WHAT TO DO. Each entry that follows is to be retyped exactly. Pictures do not belong in the copy.
..............................
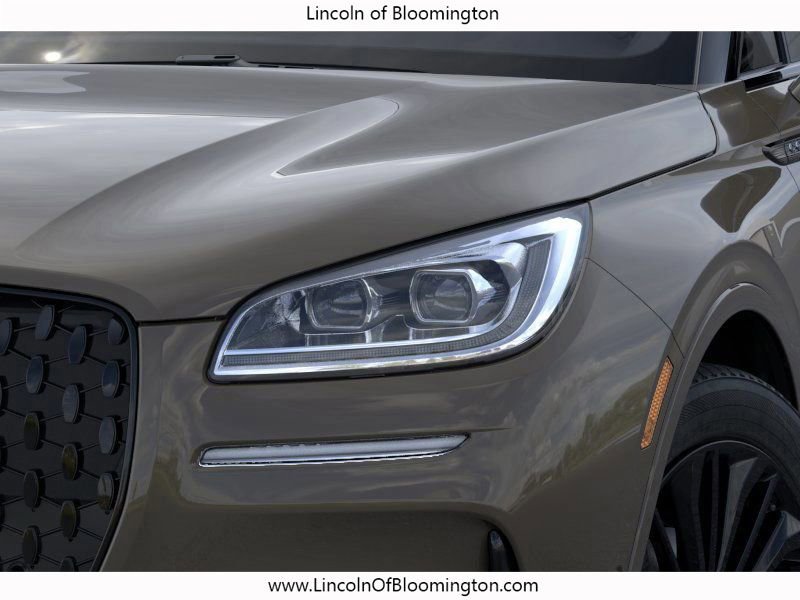 New 2025 Lincoln Corsair Reserve w/ Equipment Group 202A image 21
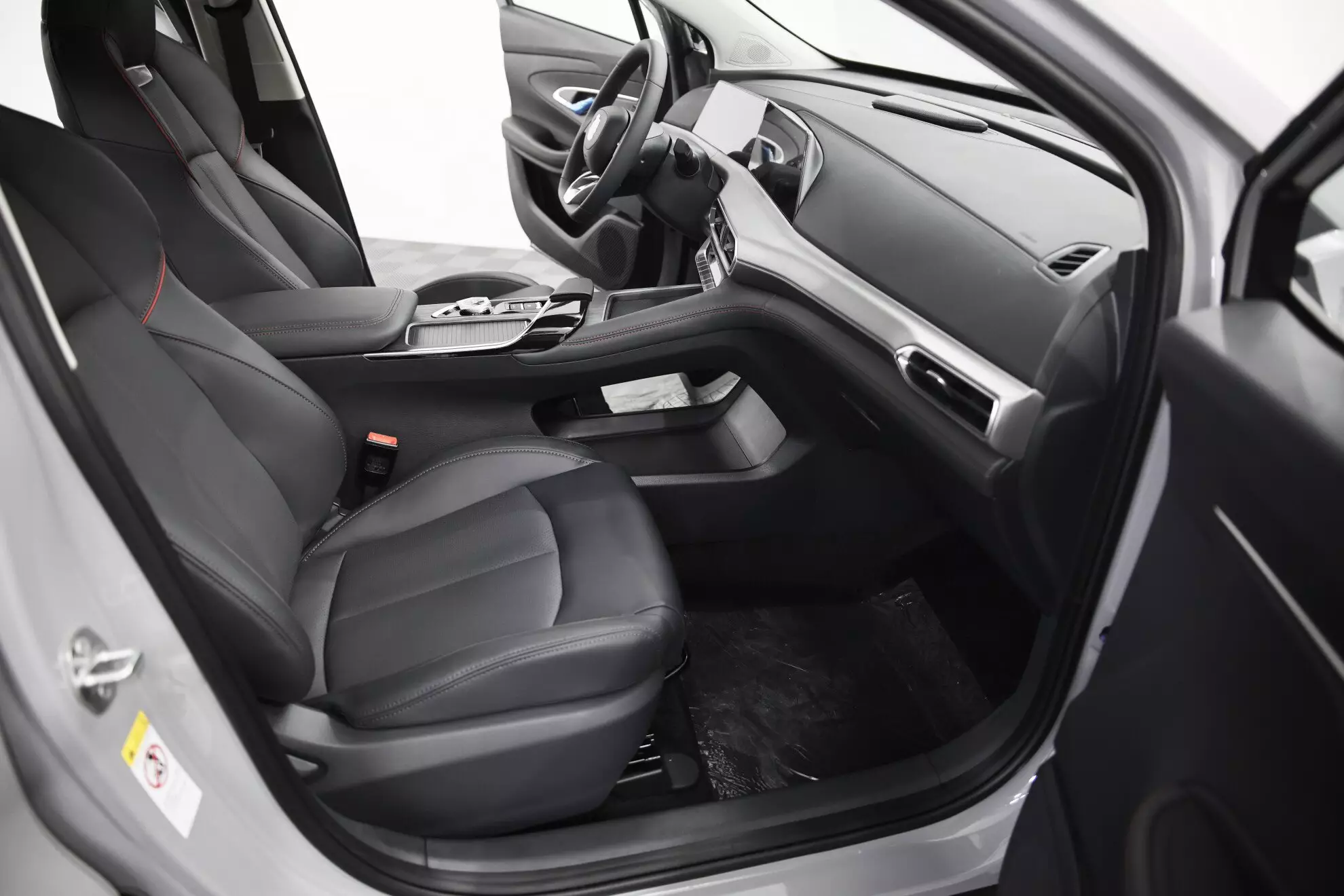 Автосалон: Changan UNI-T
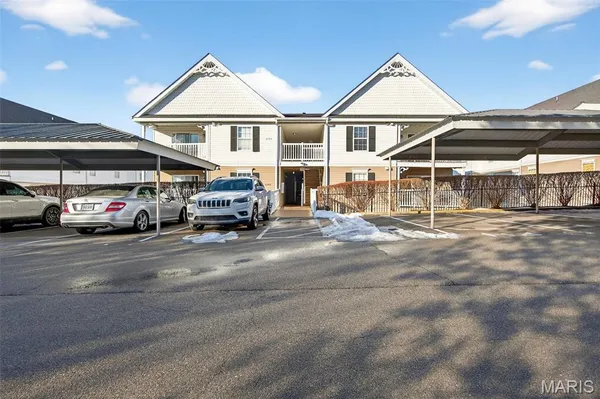 $188,000 | 6200 Spring Creek Lane, Unit 6000, O'Fallon, MO 63368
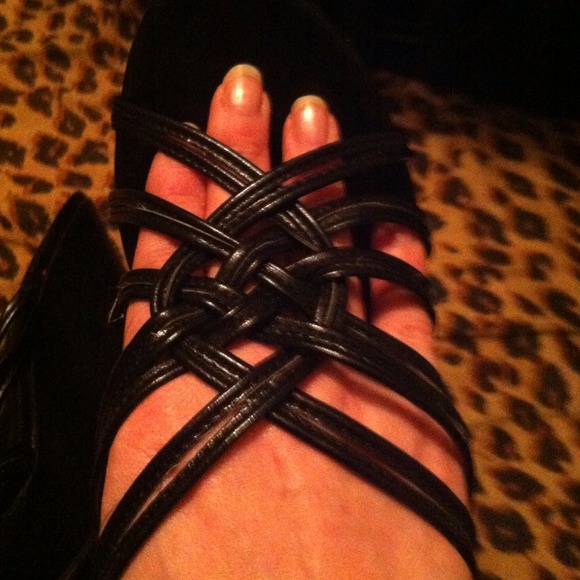 Black wedges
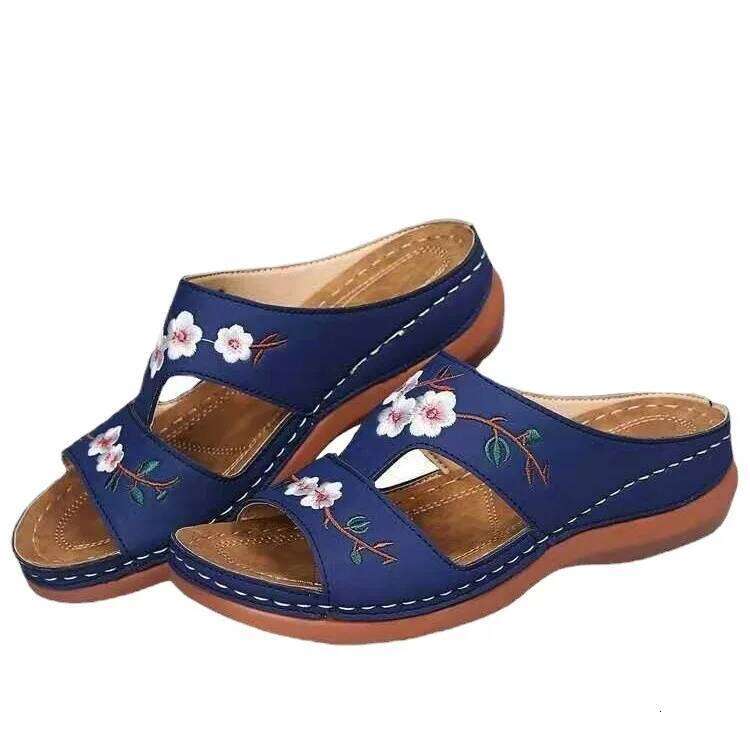 New Women Embroider Flowers Leather Women's Sandals Outdoor Light Casual Wedges Slippers Slip on Summer Shoes for Woman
..............................
EXPECTED ANSWER.
 New 2025 Lincoln Corsair Reserve w/ Equipment Group 202A image 21
 Автосалон: Changan UNI-T
 $188,000 | 6200 Spring Creek Lane, Unit 6000, O'Fallon, MO 63368
 Black wedges
 New Women Embroider Flowers Leather Women's Sandals Outdoor Light Casual Wedges Slippers Slip on Summer Shoes for Woman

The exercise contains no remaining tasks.